Objective.-To test the effect of a novel bradykinin antagonist, deltibant (CP-0127), on survival, organ dysfunction, and other outcomes in patients with the systemic inflammatory response syndrome (SIRS) and presumed sepsis. Design.-Multicenter, randomized, placebo-controlled, double-blind, parallel, dose-ranging trial. Follow-up for 28 days or until death. Setting.-A total of 47 US referral hospitals. Patients.-A total of 504 patients with SIRS and documented evidence of infection plus either hypotension or dysfunction of 2 organ systems. Interventions.-Three-day continuous intravenous infusion of either placebo or 1 of 3 doses (0.3, 1.0, or 3.0 mu g . kg(-1). min(-1)) of deltibant, Concurrent therapy at the discretion of the treating physician.
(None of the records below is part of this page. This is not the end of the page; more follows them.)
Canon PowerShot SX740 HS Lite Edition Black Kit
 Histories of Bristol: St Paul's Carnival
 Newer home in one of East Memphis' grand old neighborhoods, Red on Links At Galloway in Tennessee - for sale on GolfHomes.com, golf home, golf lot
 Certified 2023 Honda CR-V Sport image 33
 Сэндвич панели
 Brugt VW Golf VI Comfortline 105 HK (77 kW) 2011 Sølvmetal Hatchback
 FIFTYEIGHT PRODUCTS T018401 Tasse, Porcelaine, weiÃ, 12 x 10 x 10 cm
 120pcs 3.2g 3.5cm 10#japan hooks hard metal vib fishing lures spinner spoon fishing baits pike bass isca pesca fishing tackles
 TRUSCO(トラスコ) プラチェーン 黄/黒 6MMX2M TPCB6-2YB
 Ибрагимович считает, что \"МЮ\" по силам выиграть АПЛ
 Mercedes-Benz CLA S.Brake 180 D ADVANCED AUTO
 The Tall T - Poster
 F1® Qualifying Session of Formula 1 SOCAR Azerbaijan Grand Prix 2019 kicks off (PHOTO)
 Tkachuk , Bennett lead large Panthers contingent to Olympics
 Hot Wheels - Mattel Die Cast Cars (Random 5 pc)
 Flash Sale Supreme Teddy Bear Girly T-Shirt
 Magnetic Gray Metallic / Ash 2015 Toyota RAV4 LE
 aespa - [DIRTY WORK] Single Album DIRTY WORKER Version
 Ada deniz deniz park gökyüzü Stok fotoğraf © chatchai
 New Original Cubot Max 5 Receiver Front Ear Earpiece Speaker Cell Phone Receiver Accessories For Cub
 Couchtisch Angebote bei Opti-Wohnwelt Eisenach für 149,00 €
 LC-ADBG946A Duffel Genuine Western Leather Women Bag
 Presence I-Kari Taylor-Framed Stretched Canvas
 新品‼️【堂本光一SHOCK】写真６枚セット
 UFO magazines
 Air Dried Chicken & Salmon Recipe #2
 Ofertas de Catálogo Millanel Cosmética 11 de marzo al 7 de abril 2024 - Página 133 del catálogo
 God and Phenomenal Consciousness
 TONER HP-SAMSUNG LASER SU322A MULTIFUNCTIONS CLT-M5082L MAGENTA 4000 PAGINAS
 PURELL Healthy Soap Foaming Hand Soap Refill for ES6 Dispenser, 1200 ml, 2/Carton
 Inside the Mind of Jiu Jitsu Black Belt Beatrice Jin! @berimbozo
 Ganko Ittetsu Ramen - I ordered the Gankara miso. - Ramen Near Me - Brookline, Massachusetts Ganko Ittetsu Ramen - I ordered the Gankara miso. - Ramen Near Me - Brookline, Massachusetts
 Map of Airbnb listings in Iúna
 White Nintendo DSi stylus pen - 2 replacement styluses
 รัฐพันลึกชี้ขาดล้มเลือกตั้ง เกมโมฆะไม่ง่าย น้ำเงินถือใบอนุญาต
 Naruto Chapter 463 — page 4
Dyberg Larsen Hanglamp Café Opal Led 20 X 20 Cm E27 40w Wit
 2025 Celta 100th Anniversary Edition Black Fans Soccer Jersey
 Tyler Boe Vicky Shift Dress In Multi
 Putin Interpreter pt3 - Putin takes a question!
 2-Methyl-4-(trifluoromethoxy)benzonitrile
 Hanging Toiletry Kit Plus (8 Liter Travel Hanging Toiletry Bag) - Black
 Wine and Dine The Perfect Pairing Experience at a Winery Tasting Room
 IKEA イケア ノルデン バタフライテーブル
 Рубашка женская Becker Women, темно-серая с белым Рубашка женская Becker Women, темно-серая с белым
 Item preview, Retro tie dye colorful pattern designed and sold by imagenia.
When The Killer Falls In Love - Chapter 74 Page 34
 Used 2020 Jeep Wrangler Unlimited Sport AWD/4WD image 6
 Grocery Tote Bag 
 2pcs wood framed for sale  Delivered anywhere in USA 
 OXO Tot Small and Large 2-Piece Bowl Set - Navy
Main Outcome Measure.-Risk-adjusted, 28-day, log-normal intent-to-treat survival analysis. Risk adjustment was performed using a study-specific risk model derived from the APACHE III database. Results.-Deltibant had no significant effect on risk-adjusted 28-day survival. In a posthoc analysis, risk-adjusted 7-day survival showed a nonsignificant trend toward improvement (P=.09). The 28-day risk-adjusted survival in the prospectively defined subset of patients with gram-negative infections showed a statistically significant improvement (P=.005). Conclusions.-Deltibant may have some effect on survival in patients with SIRS and gram-negative sepsis; however, additional studies would be required to prove this.